Related papers: RescueSNN: Enabling Reliable Executions on Spiking Neural Network Accelerators under Permanent Faults

RescueSNN: Enabling Reliable Executions on Spiking Neural Network Accelerators under Permanent Faults

URL: http://arxiv.org/abs/2304.04041v1
Date: Sat, 8 Apr 2023 15:24:57 GMT
Title: RescueSNN: Enabling Reliable Executions on Spiking Neural Network Accelerators under Permanent Faults
Authors: Rachmad Vidya Wicaksana Putra, Muhammad Abdullah Hanif, Muhammad Shafique
Abstract summary: RescueSNN is a novel methodology to mitigate permanent faults in the compute engine of SNN chips. RescueSNN improves accuracy by up to 80% while maintaining the throughput reduction below 25% in high fault rate.
Score: 15.115813664357436
License: http://arxiv.org/licenses/nonexclusive-distrib/1.0/
Abstract: To maximize the performance and energy efficiency of Spiking Neural Network (SNN) processing on resource-constrained embedded systems, specialized hardware accelerators/chips are employed. However, these SNN chips may suffer from permanent faults which can affect the functionality of weight memory and neuron behavior, thereby causing potentially significant accuracy degradation and system malfunctioning. Such permanent faults may come from manufacturing defects during the fabrication process, and/or from device/transistor damages (e.g., due to wear out) during the run-time operation. However, the impact of permanent faults in SNN chips and the respective mitigation techniques have not been thoroughly investigated yet.

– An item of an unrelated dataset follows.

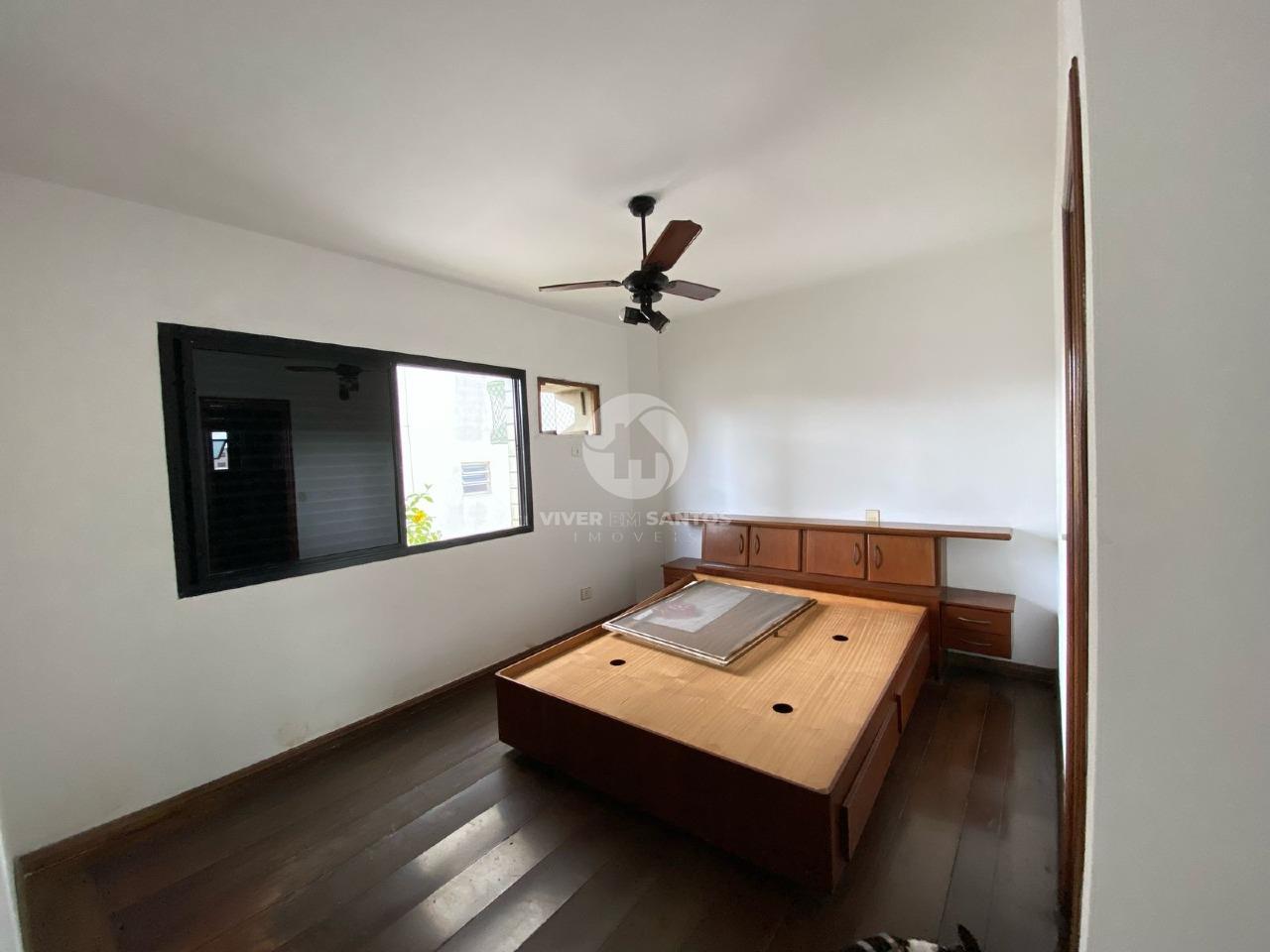 Apartamento com 4 suítes e três vagas demarcadas a três quadras da praia no Boqueirão em Boqueirão, Santos — foto 18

Toward this, we propose RescueSNN, a novel methodology to mitigate permanent faults in the compute engine of SNN chips without requiring additional retraining, thereby significantly cutting down the design time and retraining costs, while maintaining the throughput and quality. The key ideas of our RescueSNN methodology are (1) analyzing the characteristics of SNN under permanent faults; (2) leveraging this analysis to improve the SNN fault-tolerance through effective fault-aware mapping (FAM); and (3) devising lightweight hardware enhancements to support FAM. Our FAM technique leverages the fault map of SNN compute engine for (i) minimizing weight corruption when mapping weight bits on the faulty memory cells, and (ii) selectively employing faulty neurons that do not cause significant accuracy degradation to maintain accuracy and throughput, while considering the SNN operations and processing dataflow. The experimental results show that our RescueSNN improves accuracy by up to 80% while maintaining the throughput reduction below 25% in high fault rate (e.g., 0.5 of the potential fault locations), as compared to running SNNs on the faulty chip without mitigation.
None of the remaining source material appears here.